Wednesday, February 24, 2010

Art Around Athens

If you're not making it to "A Soulful Celebration" tonight, and we certainly hope you are, here are some other events going on around Athens this evening...



At 3:30 p.m. in room 100 of the Lamar Dodd School of Art, Frances Van Keuren will deliver the next Visual Culture Colloquim (VCC) lecture, "Drawings of Figures in Ancient Costumes by Thomas Hope (1769-1831): Their Sources in Engravings from Books in Hope's Library."

From 5 to 6 p.m., in room S150 of the Dodd, UGA Costa Rica is sponsoring a presentation by art professors Scott Belville and Kinsey Branham and local artist Mary Engel on the Maymester 2010 Costa Rica study abroad art program. The program offers five courses in studio art and, as the Web site says:
Students will experience and reflect upon the nature and culture of Costa Rica through study, direct observation and interaction with its people, natural and built environment, and institutions of culture. As a result of their experiences and reflections, the students will create a process-portfolio of works of art, journal entries, sketches, and exhibition that demonstrates the ways their art and ways of thinking have been informed by their international study experience.

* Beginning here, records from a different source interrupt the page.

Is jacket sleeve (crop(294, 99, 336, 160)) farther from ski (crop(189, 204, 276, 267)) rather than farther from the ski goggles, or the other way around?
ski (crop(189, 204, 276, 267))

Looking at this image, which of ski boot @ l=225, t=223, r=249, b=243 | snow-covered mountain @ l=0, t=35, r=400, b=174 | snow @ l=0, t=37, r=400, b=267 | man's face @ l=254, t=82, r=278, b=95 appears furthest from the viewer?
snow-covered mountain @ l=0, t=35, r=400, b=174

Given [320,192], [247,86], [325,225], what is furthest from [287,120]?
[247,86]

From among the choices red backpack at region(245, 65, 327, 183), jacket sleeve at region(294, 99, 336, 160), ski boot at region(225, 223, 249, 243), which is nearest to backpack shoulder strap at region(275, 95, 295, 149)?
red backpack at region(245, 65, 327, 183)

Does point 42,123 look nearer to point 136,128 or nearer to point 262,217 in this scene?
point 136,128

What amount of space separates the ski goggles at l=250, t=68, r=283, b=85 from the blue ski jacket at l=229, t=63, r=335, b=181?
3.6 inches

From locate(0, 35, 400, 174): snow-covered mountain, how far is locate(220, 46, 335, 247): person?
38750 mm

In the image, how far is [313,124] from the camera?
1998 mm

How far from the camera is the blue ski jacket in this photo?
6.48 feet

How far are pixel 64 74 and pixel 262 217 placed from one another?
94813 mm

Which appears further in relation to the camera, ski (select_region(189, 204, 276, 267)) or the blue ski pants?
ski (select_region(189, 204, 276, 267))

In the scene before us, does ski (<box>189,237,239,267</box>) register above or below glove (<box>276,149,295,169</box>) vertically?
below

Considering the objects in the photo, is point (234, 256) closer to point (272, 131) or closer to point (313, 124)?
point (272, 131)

Finally, at 7 p.m. at Ciné, the Georgia Review presents a poetry reading featuring Keith Ratzlaff, whose book "Dubious Angels" is an ekphrastic work comprised of poems written in response to Paul Klee paintings.
Ratzlaff won the 1996 Anhinga Prize for "Poetry for Man under a Pear Tree." His other books include "Across the Known World" (Loess Hills Press, 1997) and two more volumes from Anhinga Press: "Dubious Angels: Poems after... Paul Klee" (2005), based on the artist’s late drawings and paintings; and "Then, a Thousand Crows" (2009). Copies of Ratzlaff’s works will be available at the reading, courtesy of Judy Long’s Byhalia Books. Of the generously illustrated "Dubious Angels," Georgia Review editor Stephen Corey has written, “Keith Ratzlaff’s long-established and distinctive voice—gentle, playful, yet snap-your-head-back incisive and moving—is both present in and altered by his deep confrontation with Paul Klee’s complex simple renderings of offbeat angels. To have these poems side by side with the artworks is a visceral pleasure and a boon to both artists.” Ratzlaff’s poems and reviews have appeared in Poetry Northwest, which gave him its Theodore Roethke Award, and in many other journals, including the Georgia Review, McSweeney’s, New England Review, and North American Review. Also, his poems and essays have been included in such anthologies as "The Best American Poetry 2009," "The Pushcart Prize XXXI" (2007), "A Cappella: Mennonite Voices in Poetry" (2003), and "In the Middle of the Middle West: Literary Nonfiction from the Heartland" (2003). Keith Ratzlaff is professor of English at Central College in Pella, Iowa.